This piece was also featured as a nationally syndicated column for GateHouse Media.
I had an unfortunate collision on my motorcycle . . . with a bug. You might think something like, “Aww, how sad for the bug,” but in fact, I was the one that ended up visiting a local hospital. Although the bug incident was jarring, the large sign at the entrance of the clinic—“Check Your Weapons at the Door”—was more alarming. Who knew that in seeing a doctor, one needed to come packing heat?
The bug injury healed. but I’ve never forgotten that sign, and over time, I have decided that the message “check your weapons at the door” is great advice for life.
There are a lot of weapons floating around these days. On the international scene, there are nukes, drone strikes, and WMDs (weapons of mass destruction). In the United States, there’s the scourge of assault weapons. But there’s also an equally scary and perhaps even more dangerous weapon at large in the world: the human tongue.
We’ve all been on the receiving and giving end of words that sting like hitting a bug at 70mph—words of anger, fear, or hate that can tear relationships, families, and hearts apart. Proverbs 12:18 explains it like this: “The words of the reckless pierce like swords, but the tongue of the wise brings healing.”
Every one of us is packing heat. The question is whether we will check that weapon at the door.
The unfortunate truth is that human beings love to run their mouths, to tell others what they think, to lecture others about what is right and wrong. Just look at all the talking heads on television. But we’re just as guilty.
We fling words like I cook spaghetti: sloppily. Never being an exacting kind of cook, I just throw the noodles against the wall and see what sticks. As you can imagine, I have a pretty messy kitchen.
Like with spaghetti, we randomly throw out words and see what sticks. But unlike spaghetti, words always stick, and we can’t take them back. And please understand those words can be both spoken and written. Think about texting, emailing, and posting on social media, especially the vicious words exchanged on sites like Facebook.
I think the Psalmist were right: “Set a guard over my mouth, Lord; keep watch over the door of my lips” (Psalm 141:3) If only we would check our harsh and angry words at the doors of our mouths before we spoke them. God forbid we actually listen before we speak.
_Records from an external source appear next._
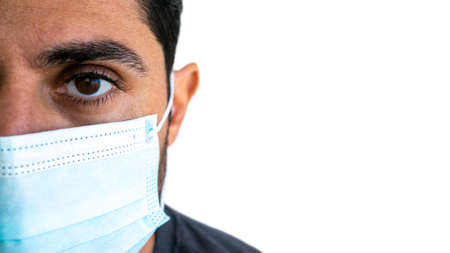 Portrait of caucasian man with a medical mask during virus outbreak. Person at indoor studio shot isolated on white backgroundの写真素材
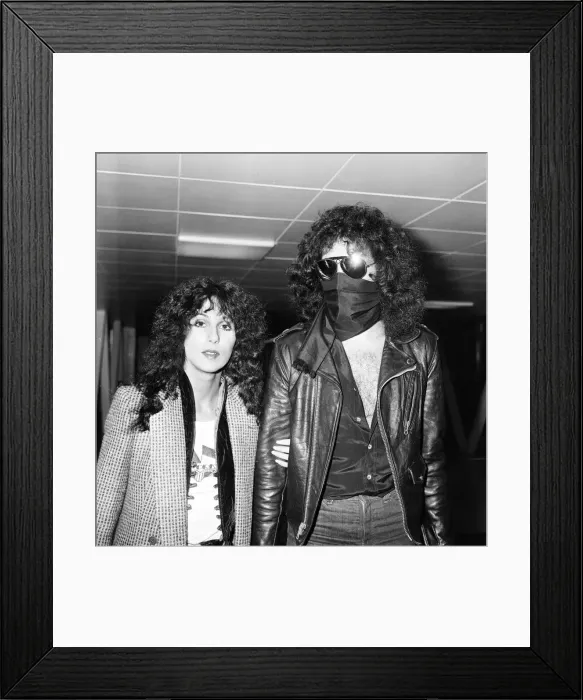 Framed Print : American singer Cher and Gene Simmons, bass guitarist with rock group Kiss, Arrivals Framed Print : American singer Cher and Gene Simmons, bass guitarist with rock group Kiss, Arrivals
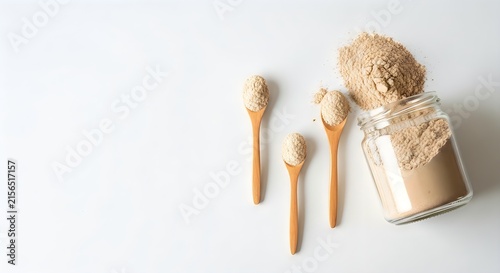 Beige protein powder in glass jar with wooden spoons on transparent background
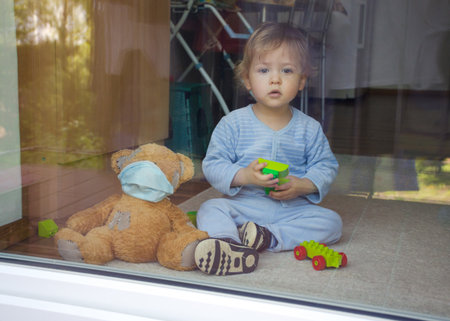 Child in home quarantine playing at the window with sick teddy bear wearing a medical mask against viruses during coronavirus COVID-2019 and flu outbreak. Photo made through the windowの写真素材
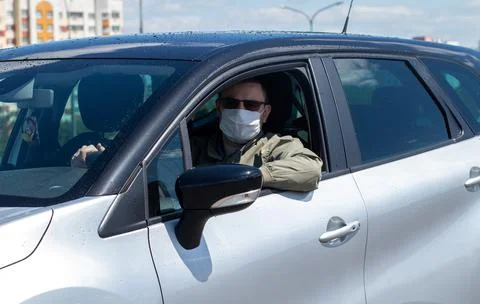 Protect yourself from the coronavirus with a mask while driving Stock Photos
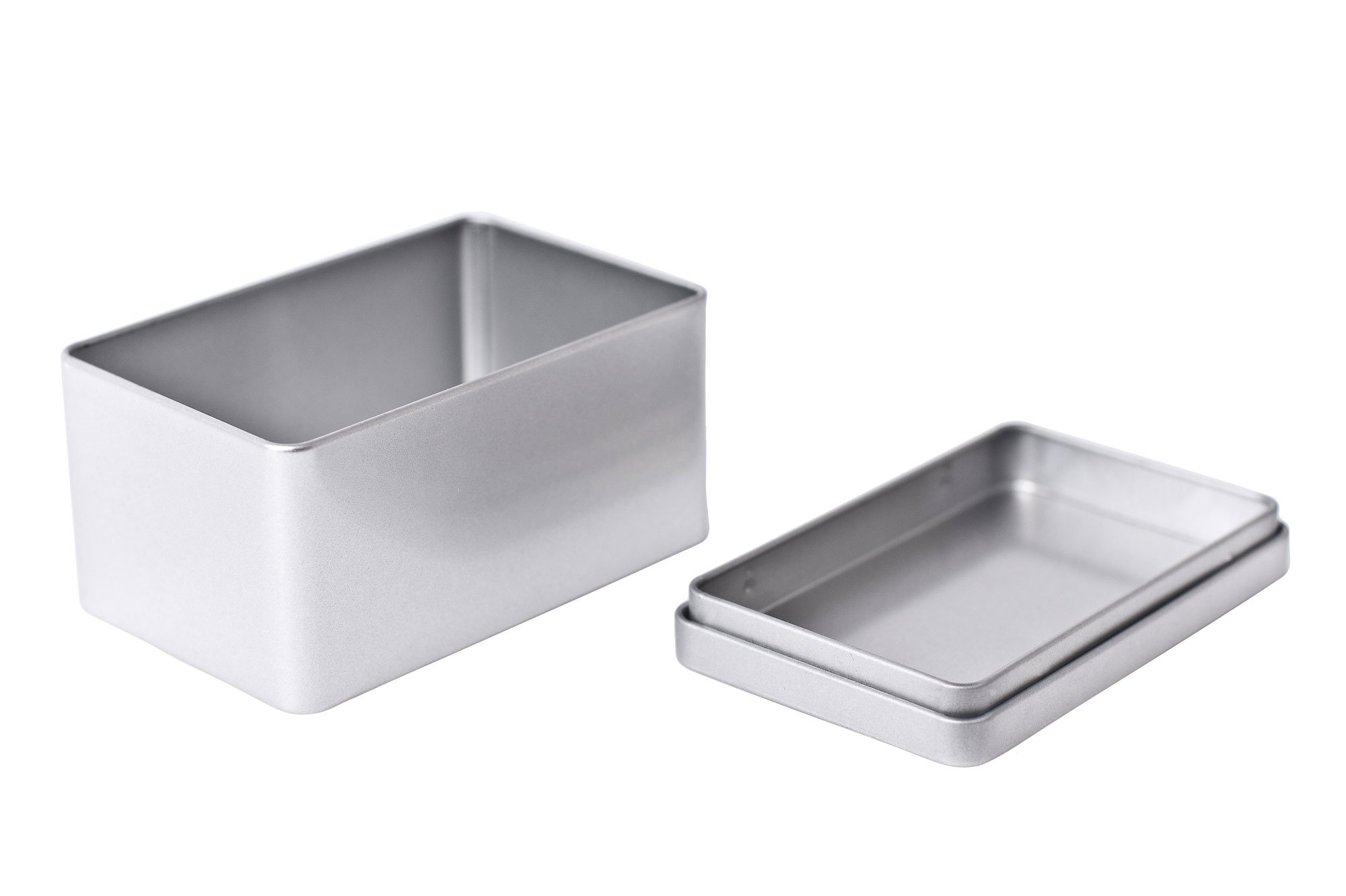 Geöffnete rechteckige Metalldose aus silberfarbenem Metall mit abgenommenem Stülpdeckel, auf weißem Hintergrund fotografiert.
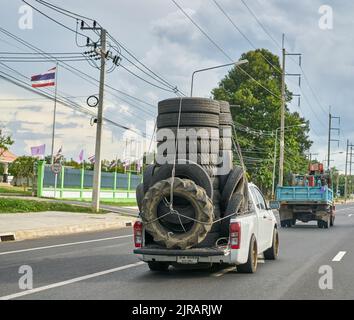 Ein überlasteter Pickup-Truck, der gebrauchte Gummireifen zum Recycling mit sich führt und in Thailand aufgenommen wurde. Stockfoto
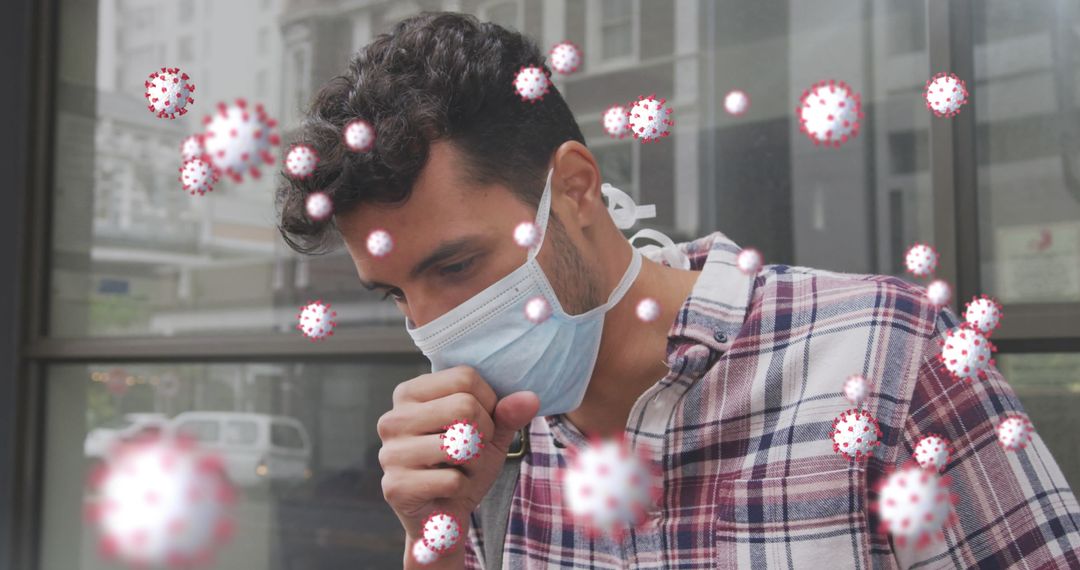 Masked Man Coughing Amid Symbolic Virus Particles
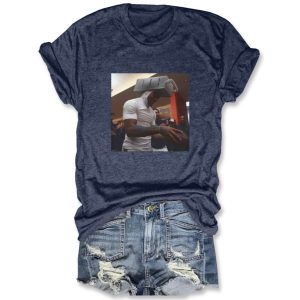Dark heather gray cotton t-shirt by Icestork featuring a viral graphic of Caleb Williams wearing a cheese grater on his head while holding a football.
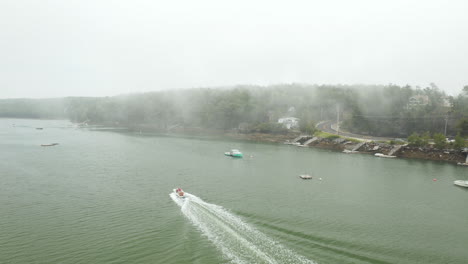 Sobrevolar-Imágenes-Aéreas-De-Drones-Sobre-La-Costa-De-Harpswell,-Condado-De-Cumberland,-Maine,-Que-Muestra-Una-Lancha-Rápida-Cruzando-El-Agua-Paralela-A-La-Costa-En-Un-Día-Nublado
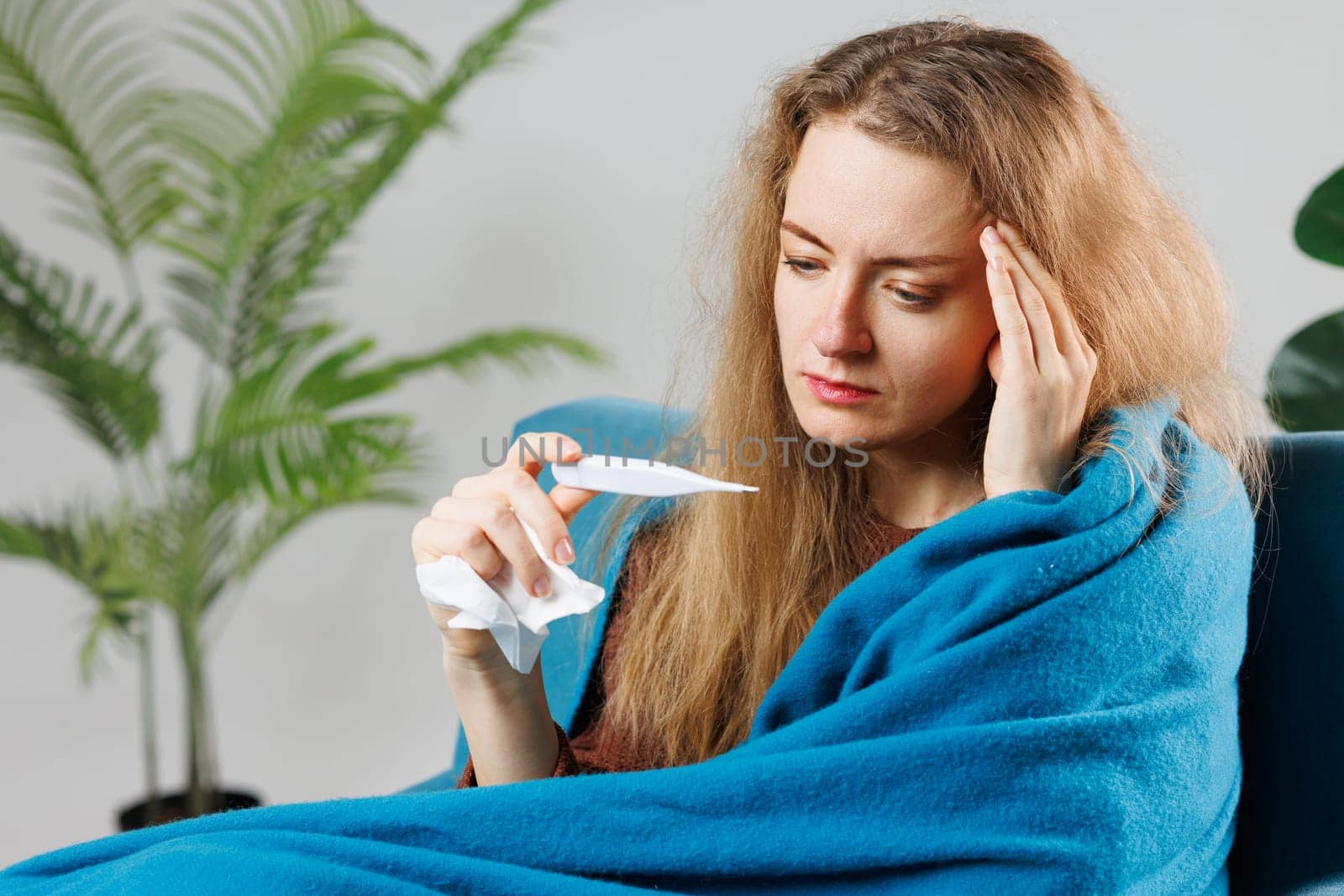 a sick girl with a cold or flu wrapped in a blue blanket measures her temperature at home, symptoms, treatment of viral diseases
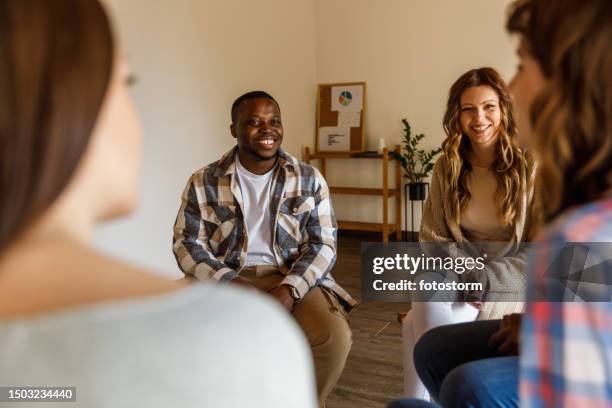 jóvenes riendo mientras conversan casualmente durante una sesión de terapia grupal - terapia de grupo fotografías e imágenes de stock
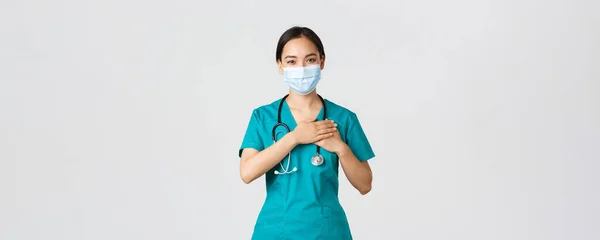 Covid-19, maladie du coronavirus, concept des travailleurs de la santé. Amical bienveillant asiatique femme médecin, médecin en masque médical et gants, tenant la main sur le cœur et souriant, fond blanc — Photo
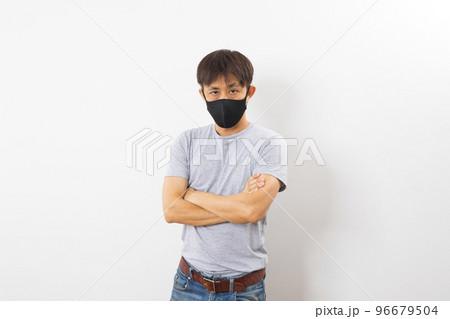 Asian man wearing Face Mask protect spread Covid-19 Coronavirus on white background Asian man wearing Face Mask protect spread Covid-19 Coronavirus on white background 96679504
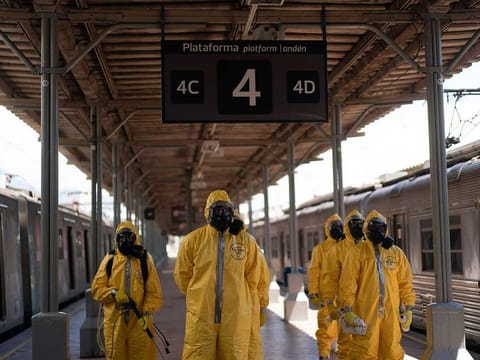 Soldiers stand in formation before disinfecting wagons for the new coronavirus at the central train station in Rio de Janeiro, Brazil, where trains connect cities within the state, on Thursday, March 26, 2020.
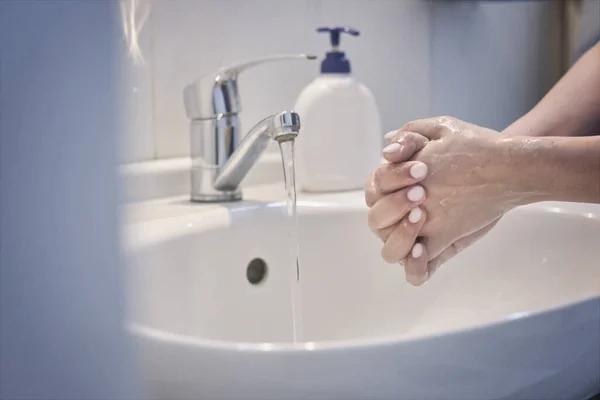 Woman washing hands with soap. An unrecognizable female showing how to wash hands properly. Coronavirus or COVID-19 prevention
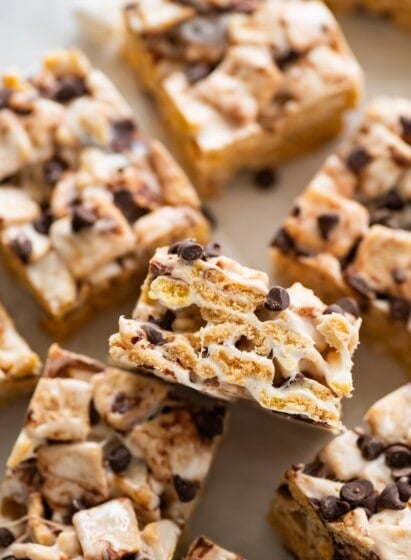 High protein s'mores treats near one another on parchment paper.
The author Steven Covey wrote, “Most people do not listen with the intent to understand, they listen with the intent to reply.” It’s true. We want to have something sparkly and intelligent to say in return. But more so, we want to be right.
In any conversation, there are two parts: the mouth and the heart. When we listen to reply, we’re listening only to what comes out of the mouth. When we truly listen to understand, then we hear not only from the mouth, but also the heart.
Power does not come from weapons targeted at intimidation and destruction, such as WMD’s or words. Power comes from deep, empathetic listening with an intent to truly understand.
In the end, I am sorry for that bug. But he did not die in vain. He (and the sign at the hospital) made me think. Flinging out angry sentiments and constantly fighting to be right will get us nowhere. We have to stop this arms race. Let’s check our weapons at the door and give each other—and this old world—a momentary chance to heal.